La humildad fija nuestra atención en los demás (Filipenses 2.3, 4). Cristo contempló nuestros intereses cuando vino al mundo para rescatarnos del pecado y la condenación.
La humildad no se aferra a nuestros derechos ni privilegios (Filipenses 2.6, 7). Aunque Cristo era plenamente Dios, asumió las limitaciones de la condición humana.
La humildad nos hace servir de buena gana a los demás (Filipenses 2.7). El Señor no vino como un gobernante interesado que quería conquistar y someter al mundo. Por el contrario, vino como un esclavo humilde para servir a los demás.

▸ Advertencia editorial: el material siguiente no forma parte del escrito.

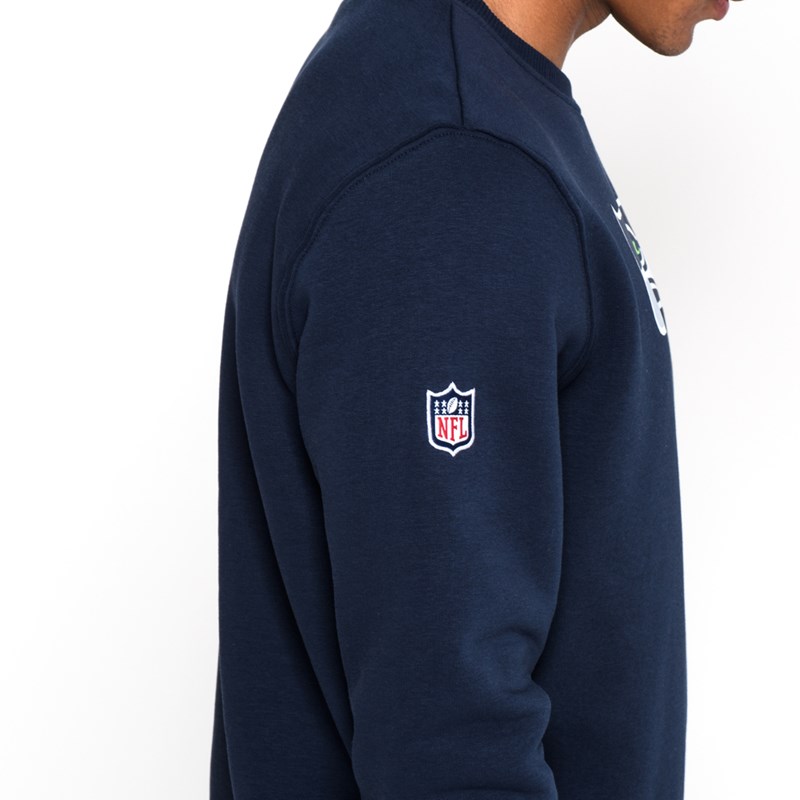 Sudaderas New Era Seattle Seahawks Team Logo Crew Neck Azules | DK4158637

La humildad nos impulsa a obedecer a Dios (Filipenses 2.8). El Hijo vino a la tierra en completa obediencia al Padre. Hizo y dijo solo lo que su Padre le ordenó (Jn 5.19), incluyendo su acto final de obediencia: entregar su vida en la cruz para pagar por los pecados de la humanidad.

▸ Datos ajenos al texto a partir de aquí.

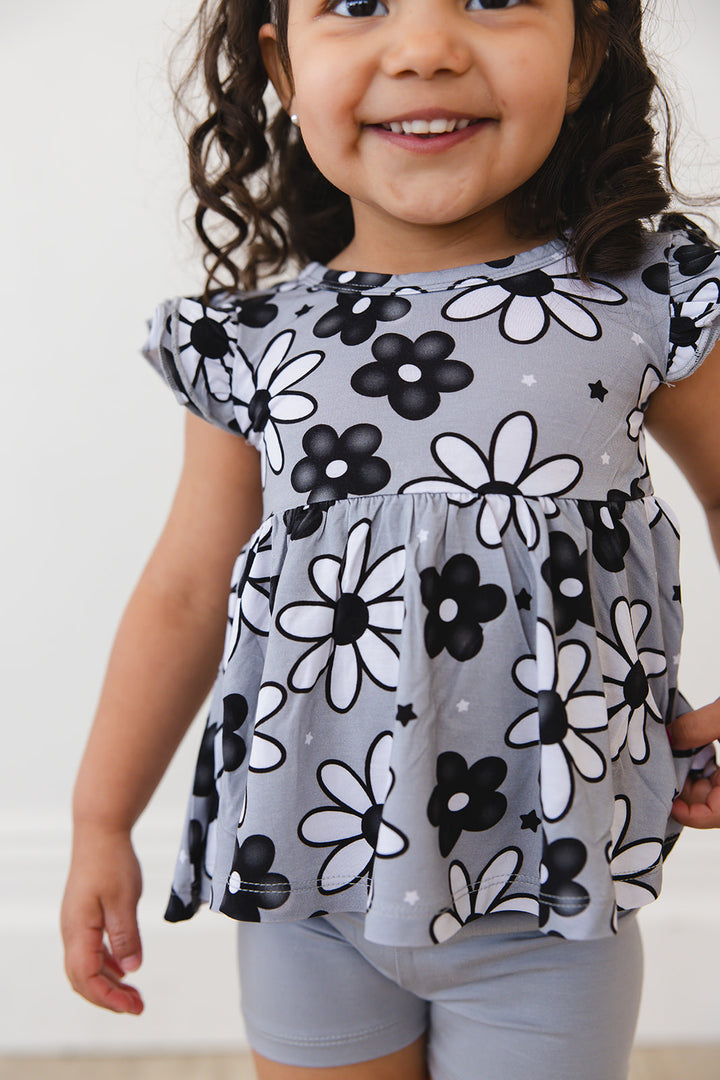 Shadow Peplum Biker Shorts Set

Estas cualidades son exactamente lo opuesto a la ambición egoísta, la vanagloria y la viveza que el mundo valora. Desde la perspectiva del mundo, la humildad es debilidad. Pero, ¿qué requiere más esfuerzo: ser humilde o vanagloriarse? La humildad requiere el poder sobrenatural del Espíritu Santo para vencer nuestro egocentrismo natural. En vez de ser un signo de debilidad es, en realidad, una evidencia de la vida de Cristo en nosotros.